*** Supplied material ***
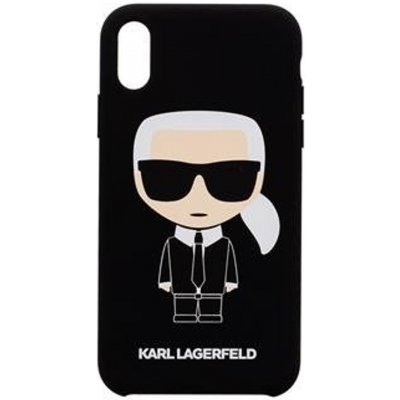 Pouzdro Karl Lagerfeld Apple iPhone 7 / iPhone 8 / SE 2020 / SE 2022 černé – Zboží Mobilmania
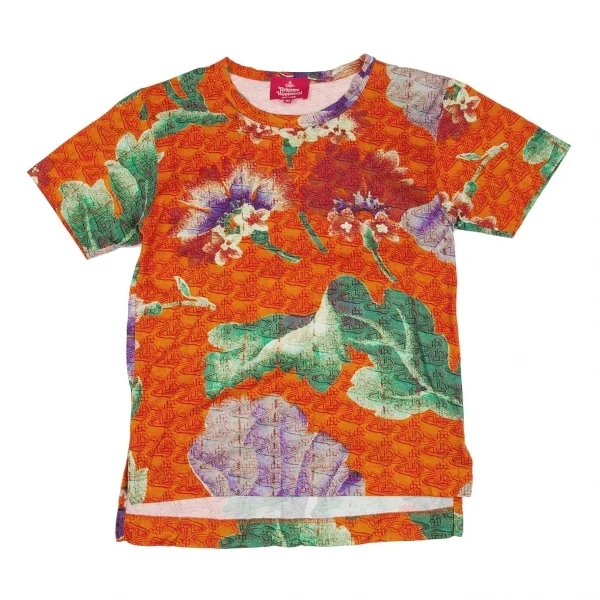 ヴィヴィアンウエストウッド レッドレーベルVivienne Westwood Red Label オーブ総柄プリントセットアップ オレンジ他01・00 K-119286_002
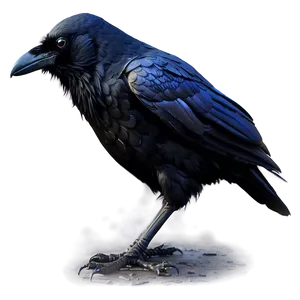 Creepy Raven In Fog Png Jwp PNG Image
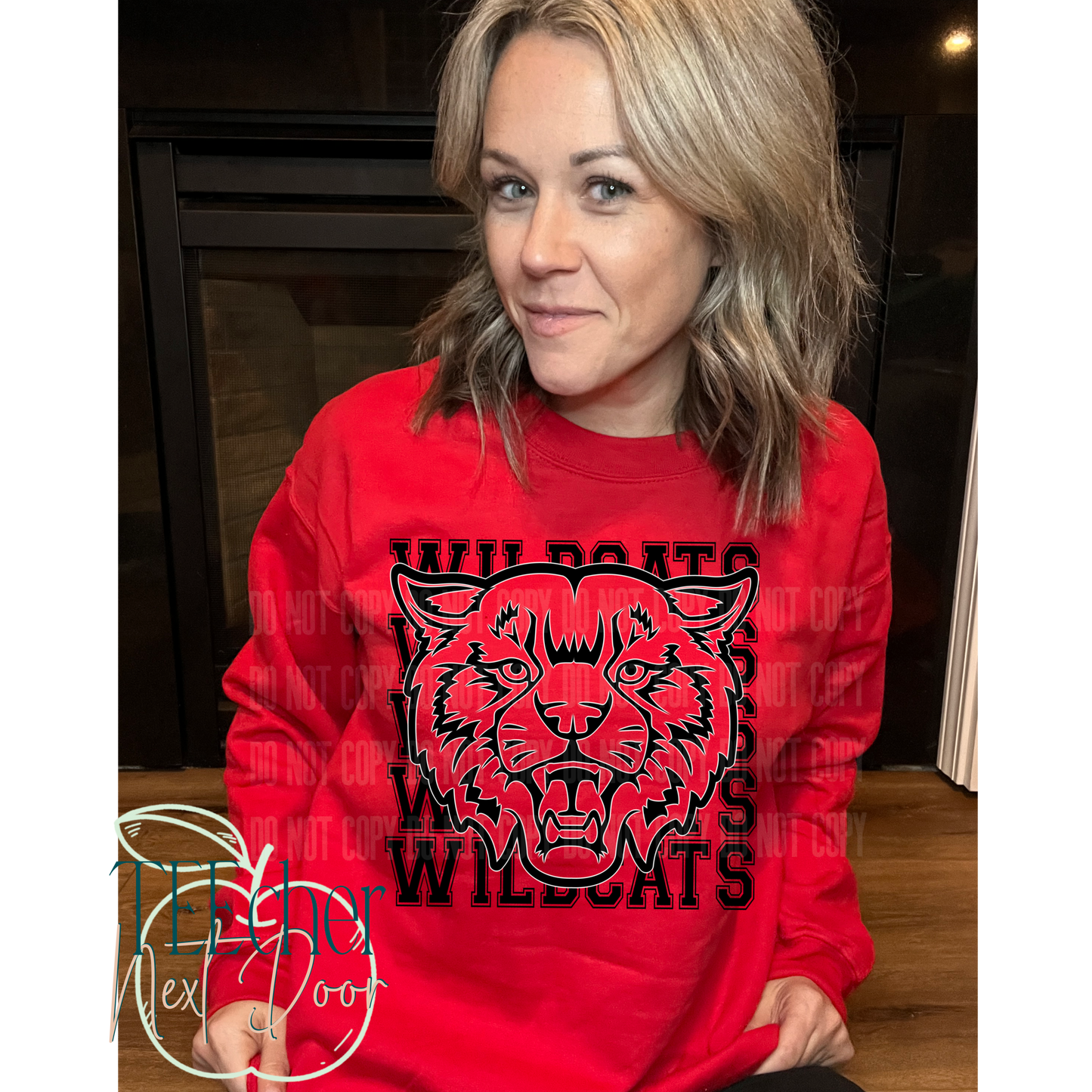 EXCLUSIVE Red Wildcat Breakthrough Crewneck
*** End of Supplied material ***
Leave out the images and copy all remaining data word for word.

--- Answer for the task ---
 Pouzdro Karl Lagerfeld Apple iPhone 7 / iPhone 8 / SE 2020 / SE 2022 černé – Zboží Mobilmania
 ヴィヴィアンウエストウッド レッドレーベルVivienne Westwood Red Label オーブ総柄プリントセットアップ オレンジ他01・00 K-119286_002
 Creepy Raven In Fog Png Jwp PNG Image
 EXCLUSIVE Red Wildcat Breakthrough Crewneck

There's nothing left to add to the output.